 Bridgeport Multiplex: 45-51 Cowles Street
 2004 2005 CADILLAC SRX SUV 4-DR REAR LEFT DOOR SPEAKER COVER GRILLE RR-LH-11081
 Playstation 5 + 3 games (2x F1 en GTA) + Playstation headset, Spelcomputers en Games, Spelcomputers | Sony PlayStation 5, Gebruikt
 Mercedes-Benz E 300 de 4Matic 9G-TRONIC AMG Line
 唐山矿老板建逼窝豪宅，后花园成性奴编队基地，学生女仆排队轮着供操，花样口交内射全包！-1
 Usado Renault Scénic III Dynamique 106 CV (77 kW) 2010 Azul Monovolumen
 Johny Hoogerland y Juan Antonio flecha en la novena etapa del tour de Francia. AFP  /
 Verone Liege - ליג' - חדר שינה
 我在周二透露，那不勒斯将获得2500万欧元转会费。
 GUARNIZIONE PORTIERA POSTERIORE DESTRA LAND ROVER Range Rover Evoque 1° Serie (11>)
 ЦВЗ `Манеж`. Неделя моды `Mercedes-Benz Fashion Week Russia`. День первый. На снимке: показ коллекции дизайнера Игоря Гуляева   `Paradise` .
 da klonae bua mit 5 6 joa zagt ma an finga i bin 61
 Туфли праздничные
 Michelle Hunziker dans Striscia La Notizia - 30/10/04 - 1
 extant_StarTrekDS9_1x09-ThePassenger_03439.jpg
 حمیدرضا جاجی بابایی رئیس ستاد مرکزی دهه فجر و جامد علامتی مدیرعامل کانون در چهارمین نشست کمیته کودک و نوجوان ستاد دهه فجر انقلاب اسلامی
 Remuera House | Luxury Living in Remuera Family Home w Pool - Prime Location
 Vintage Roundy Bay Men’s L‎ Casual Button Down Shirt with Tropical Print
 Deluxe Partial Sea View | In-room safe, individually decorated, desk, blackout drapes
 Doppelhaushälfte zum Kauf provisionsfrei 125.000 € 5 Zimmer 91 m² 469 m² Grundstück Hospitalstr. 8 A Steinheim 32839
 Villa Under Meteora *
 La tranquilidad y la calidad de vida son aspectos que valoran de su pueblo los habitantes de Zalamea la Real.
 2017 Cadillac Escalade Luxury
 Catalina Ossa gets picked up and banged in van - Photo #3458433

#### [What this task involves]
Everything in the listing needs to appear again exactly.

#### [Reply]
 Bridgeport Multiplex: 45-51 Cowles Street
 2004 2005 CADILLAC SRX SUV 4-DR REAR LEFT DOOR SPEAKER COVER GRILLE RR-LH-11081
 Playstation 5 + 3 games (2x F1 en GTA) + Playstation headset, Spelcomputers en Games, Spelcomputers | Sony PlayStation 5, Gebruikt
 Mercedes-Benz E 300 de 4Matic 9G-TRONIC AMG Line
 唐山矿老板建逼窝豪宅，后花园成性奴编队基地，学生女仆排队轮着供操，花样口交内射全包！-1
 Usado Renault Scénic III Dynamique 106 CV (77 kW) 2010 Azul Monovolumen
 Johny Hoogerland y Juan Antonio flecha en la novena etapa del tour de Francia. AFP  /
 Verone Liege - ליג' - חדר שינה
 我在周二透露，那不勒斯将获得2500万欧元转会费。
 GUARNIZIONE PORTIERA POSTERIORE DESTRA LAND ROVER Range Rover Evoque 1° Serie (11>)
 ЦВЗ `Манеж`. Неделя моды `Mercedes-Benz Fashion Week Russia`. День первый. На снимке: показ коллекции дизайнера Игоря Гуляева   `Paradise` .
 da klonae bua mit 5 6 joa zagt ma an finga i bin 61
 Туфли праздничные
 Michelle Hunziker dans Striscia La Notizia - 30/10/04 - 1
 extant_StarTrekDS9_1x09-ThePassenger_03439.jpg
 حمیدرضا جاجی بابایی رئیس ستاد مرکزی دهه فجر و جامد علامتی مدیرعامل کانون در چهارمین نشست کمیته کودک و نوجوان ستاد دهه فجر انقلاب اسلامی
 Remuera House | Luxury Living in Remuera Family Home w Pool - Prime Location
 Vintage Roundy Bay Men’s L‎ Casual Button Down Shirt with Tropical Print
 Deluxe Partial Sea View | In-room safe, individually decorated, desk, blackout drapes
 Doppelhaushälfte zum Kauf provisionsfrei 125.000 € 5 Zimmer 91 m² 469 m² Grundstück Hospitalstr. 8 A Steinheim 32839
 Villa Under Meteora *
 La tranquilidad y la calidad de vida son aspectos que valoran de su pueblo los habitantes de Zalamea la Real.
 2017 Cadillac Escalade Luxury
 Catalina Ossa gets picked up and banged in van - Photo #3458433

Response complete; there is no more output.